Let me be clear about what this is and what it isn't. I'm not selling anyone's game. I'm not putting it back on an app store. It's a private thing for two people who miss it, running on our own little server. That's the entire plan, and keeping it that small is what makes it actually possible (and legal haha).

I'm also being realistic about it. I'm not rebuilding some huge live game for thousands of players. Single-player first. Then a private server just for us. And the multiplayer stuff, the ladder and all that, I'll fill in with bots. Fun fact: DC Legends, another one we lost, faked a bunch of its "players." So the bot thing is kinda accurate.

Where the AI actually fits in

Not the way people assume. I didn't type "make me a game" and go get a coffee.
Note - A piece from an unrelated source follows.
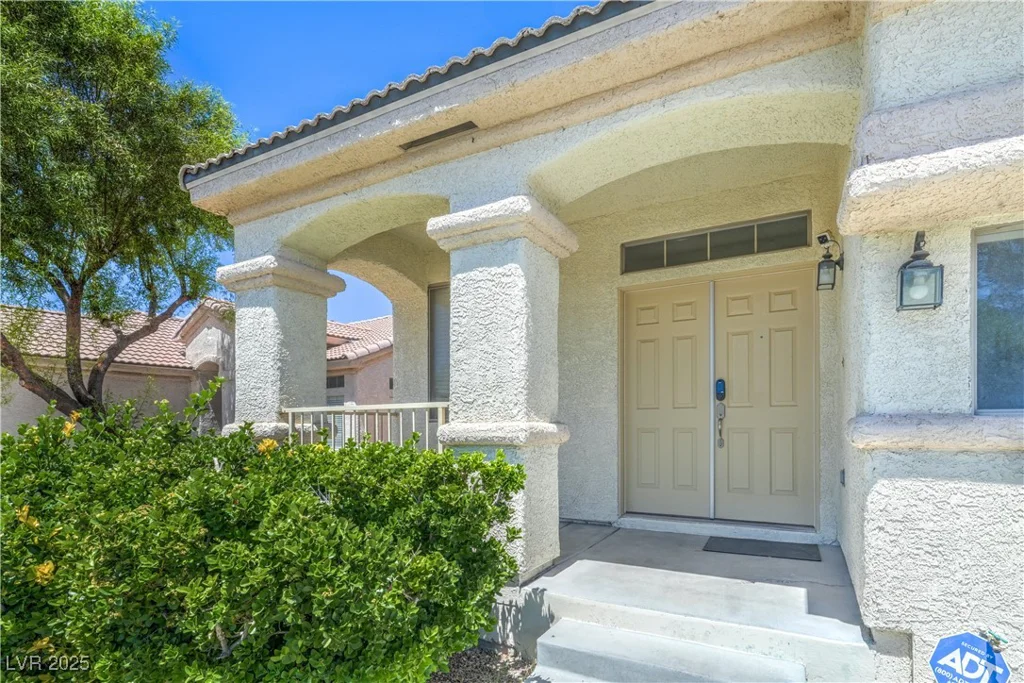 7537 Splashing Rock, Las Vegas, NV 89131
What AI is genuinely great at here is the tedious stuff that would normally make a solo project like this a non-starter. Reading ancient file formats (some in Chinese). Picking apart a years-old app. Writing little scripts to pull things out. Keeping track of a plan spread across hundreds of files. I still make all the actual decisions. The AI just makes the boring parts fast enough that I don't give up halfway.
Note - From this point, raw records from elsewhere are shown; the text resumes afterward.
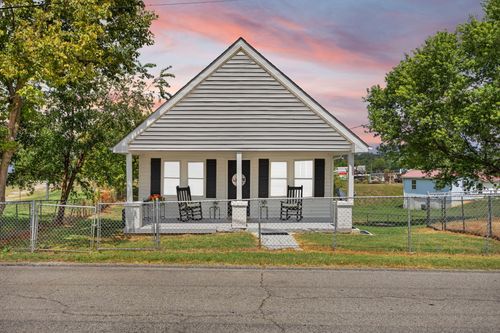 1024 W Columbia St, Somerset, KY, 42503-2721 | Card Image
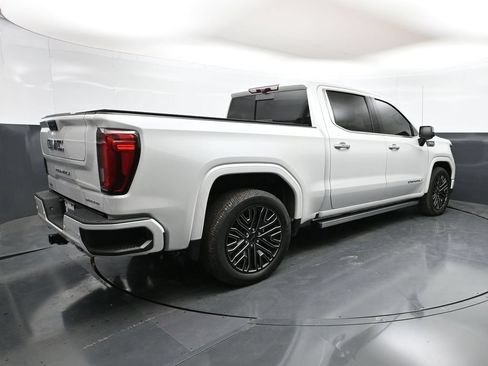 Used 2022 GMC Sierra 1500 Denali Ultimate AWD/4WD image 32
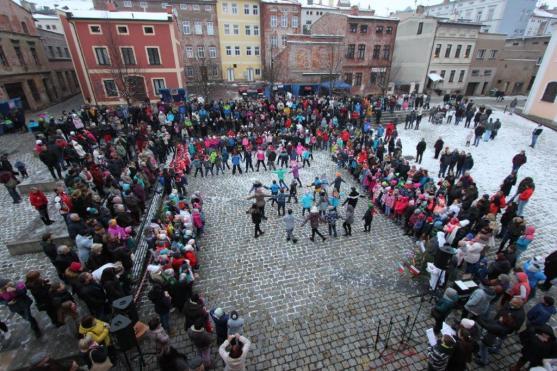"Vítáme všechny, kdo se necháte rádi předvánočně naladit. Letos se tu scházíme již jedenáctým rokem!"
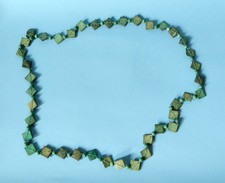 Collana con perline e quadrati in legno di cocco Verde Etnica - Bigiotteria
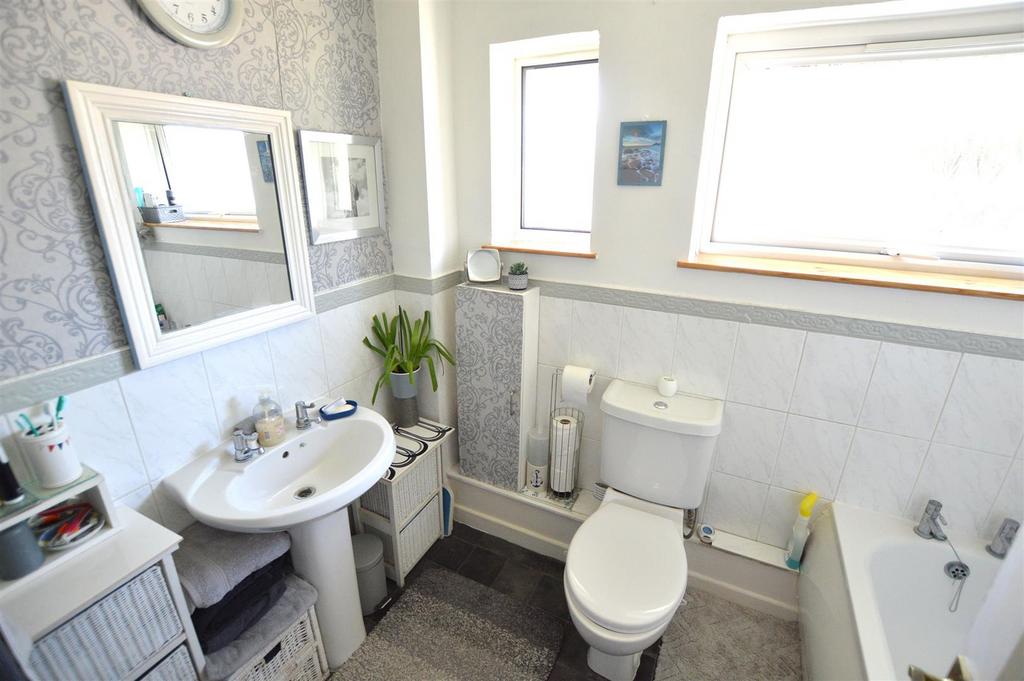 Bathroom.JPG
That's the honest version of "AI changes everything." It doesn't do the work for you. It just gets you past the point where you'd usually quit.

What I've figured out so far

This is the part I didn't expect to enjoy this much. All I started with was one 200MB app installation file I recovered. Everything else was hidden inside it, and we've been pulling it apart piece by piece.
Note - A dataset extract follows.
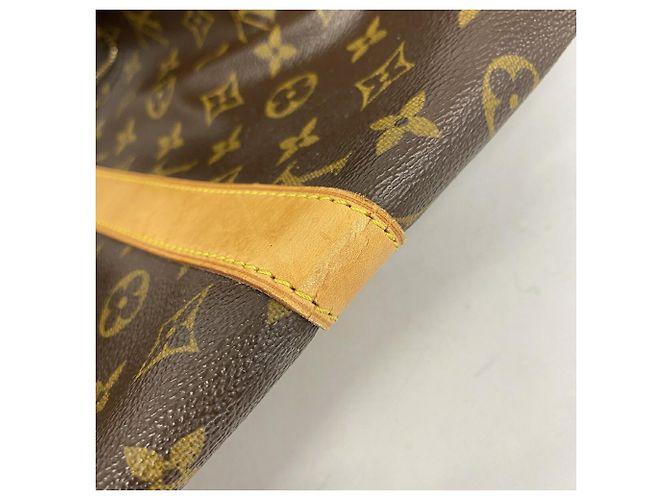 Louis Vuitton Monogram Keepall Bandoulière 55 Castaño - vista 10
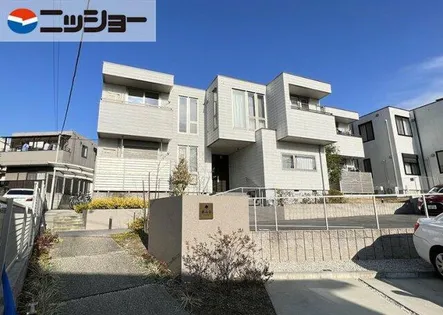 桜山舎【2階】の外観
Here's what's turned up so far:

  • The game runs on an old version of Unity. That's good news, because it means the game's code was written in something readable. Mostly.
  • "Mostly," because the actual code is encrypted. Locked up behind an anti-piracy wrapper. You can see the file, you just can't read what's inside it. That's been the big plot twist of this stage.
  • The art wasn't locked, though. So I grabbed all of it. Every one of the 57 hero models, the textures, the audio, the UI, and 1,270 animation clips. Every attack, idle pose, and death animation, all pulled out clean.
  • Here's a nice surprise. Even though the code itself is locked, the list of everything in it wasn't. So I now have the names of around 800 pieces of the game. The combat system, the skills, the guild raids, the PvP ladder. I know every system that existed, I just don't know exactly how each one works yet.
  • And an origin story I wasn't expecting. All the internal names are in Chinese. Sun Wukong, the Monkey King, is in there. So is the game's original title, 圣光契约, which I never would've found otherwise.

What's next

One piece is still locked away. That encrypted code holds all the numbers that make the game feel like the game. The stats, the skill formulas, the balance. There's a way to get at it (you catch it while it's briefly unlocked in memory as the game runs), and that's the next thing I'm going to try.

After that, it's rebuilding the whole thing in a modern engine, one phase at a time. One working battle first. Then a full single-player game. Then the server. Then the bots. I'll write about each step here as I go, the wins and the parts where I get stuck, because there'll definitely be parts where I get stuck.

Why I'm even telling you this

Not because it's useful. It really isn't, to anyone but two people.

I'm telling you because it's the clearest example I've hit of something I keep going on about with these tools. The bar for doing ambitious personal projects just dropped way down. That thing you gave up on years ago because you didn't have the time or a team for it? A lot of those are quietly doable now.

Mine was a game. We're getting it back, one phase at a time.